Anatomy Of A Data Stack (2024 Update)
Data is all around us. In fact, according to Data camp for every grain of sand on earth, there are around 40,000 bytes of data!? Finding, storing and sorting this data is a huge challenge for any organisation but crucial if they want to turn that data into smarter decisions.
What Is A Data Stack?
A data stack is essentially all the different tools you will use to organise, transform, visualise and analyse data. There is no such thing as a ‘standard data stack’ but they are usually comprised of the following elements:
Data Sources
A data source is anything which produces digital information. This could be a file, a programme, a website etc. Every organisation uses multiple data sources everyday, and often they have to combine metrics from multiple sources to get the answers they need.?
Data Extraction
Data extraction is the process of obtaining relevant data from your source(s) and essentially copying it into a new place.
It sounds simple but not all data sources are neat and tidy! Typically you cannot edit the data source itself, which means you can only extract the data that is available, at the time it is available, in the format it is available.
Data sources can be complex in nature or poorly documented (or both) which means that determining which data points need to be extracted, and when that data will refresh can pose a challenge.?

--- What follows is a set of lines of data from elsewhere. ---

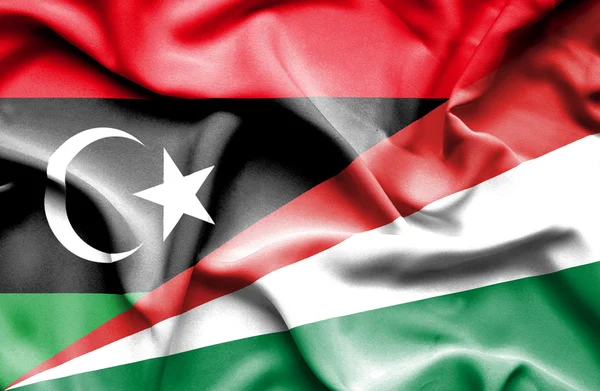 Wapperende vlag van Seychellen en Libië — Stockfoto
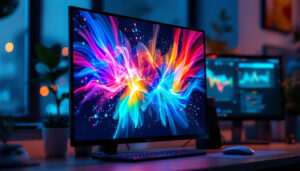 A photograph of a vibrant led monitor displaying colorful graphics or images in a well-lit environment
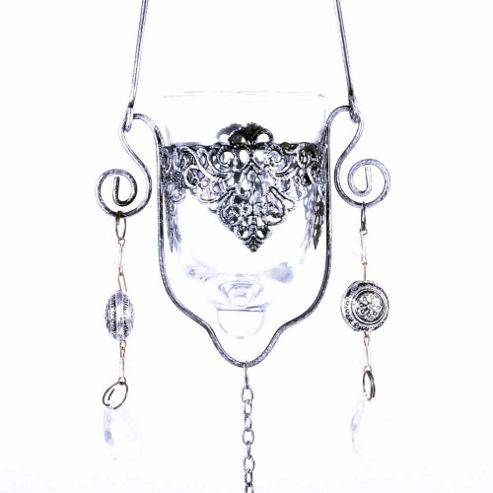 Image of Single Hanging Clear Glass Home Or Garden Tealight Holder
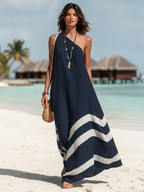 One-Shoulder Colorblock Maxi Dress
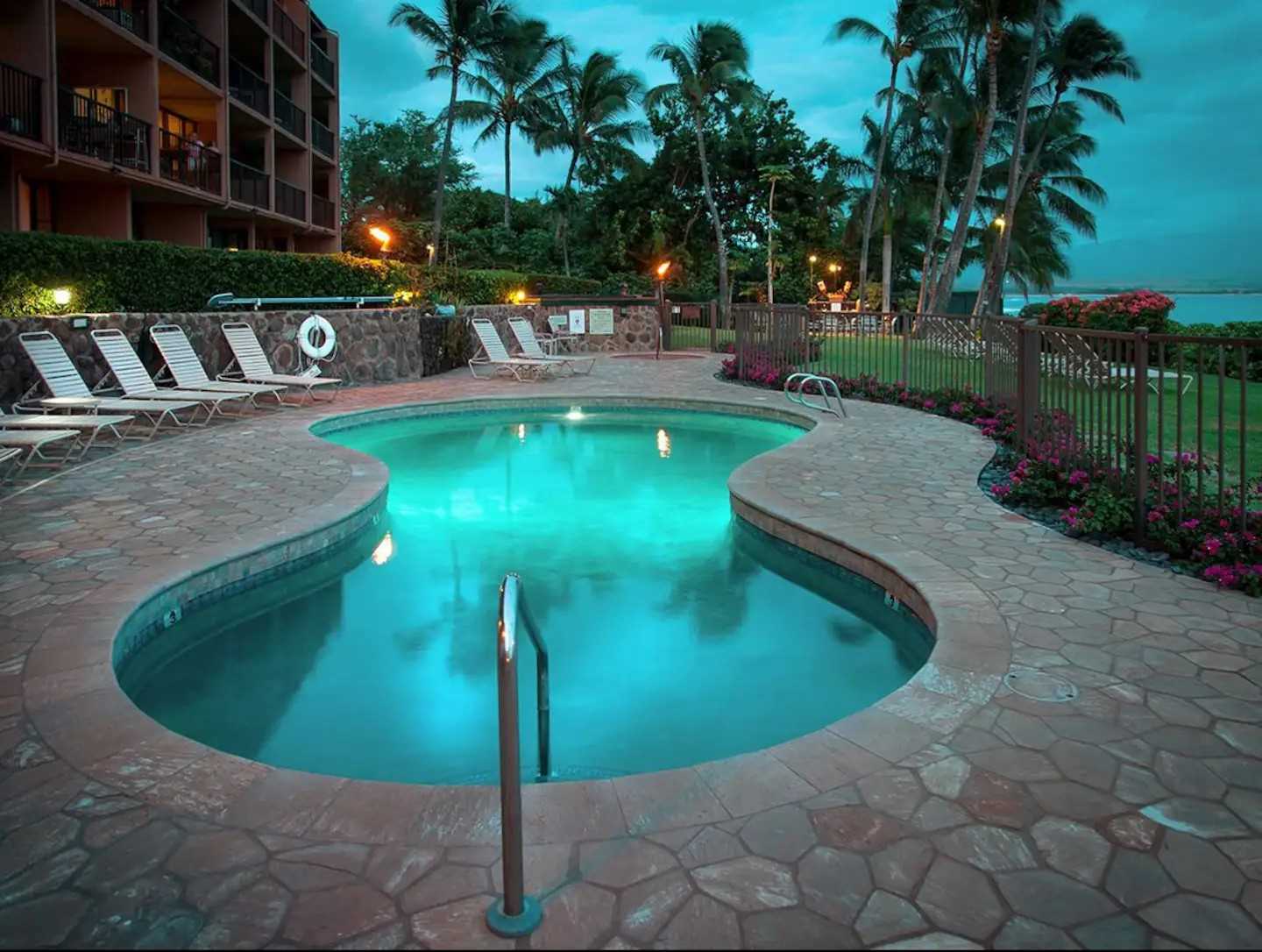 Tiki Pool and Hot tub with garden and ocean views. Pool lit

When you are setting up an extraction layer, you are creating an automated process in which you copy over the relevant data from your source to some form of storage. There are several tools out there which can help with this such as Fivetran, Airbyte and Stitch which come with pre-built connectors. These tools can help you extract popular metrics from popular sources without needing to write any code. Often, the way these tools charge you is on how many rows of data you are extracting and so it is important from a strategic point of view, only to copy the data you will need.?
Data Storage
All of the data you have copied will need to be stored somewhere. This could be a data warehouse, data lake or data lakehouse. The difference between these three is that a data warehouse stores structured data? (i.e. data that you are ready to use and is formatted) a data lake stores unstructured data (i.e. in its original format) and lakehouses give you the ability to do both.?
No matter which option you chose, it is important to consider; the way in which you set up and organise your data storage, how scalable it is, and with that cost considerations. The most popular options we work with included Google BigQuery, Snowflake, Amazon’s Redshift, Microsoft’s Azure and Databricks.?
Data Modelling
You have copied over your data from its source into your data storage. While it is here, it will then go through a process of transformation called data modelling. This allows you to overlap metrics from different sources and apply calculations to them en-masse, automatically. These data models can then be easily consumed by reporting tools or data analysts.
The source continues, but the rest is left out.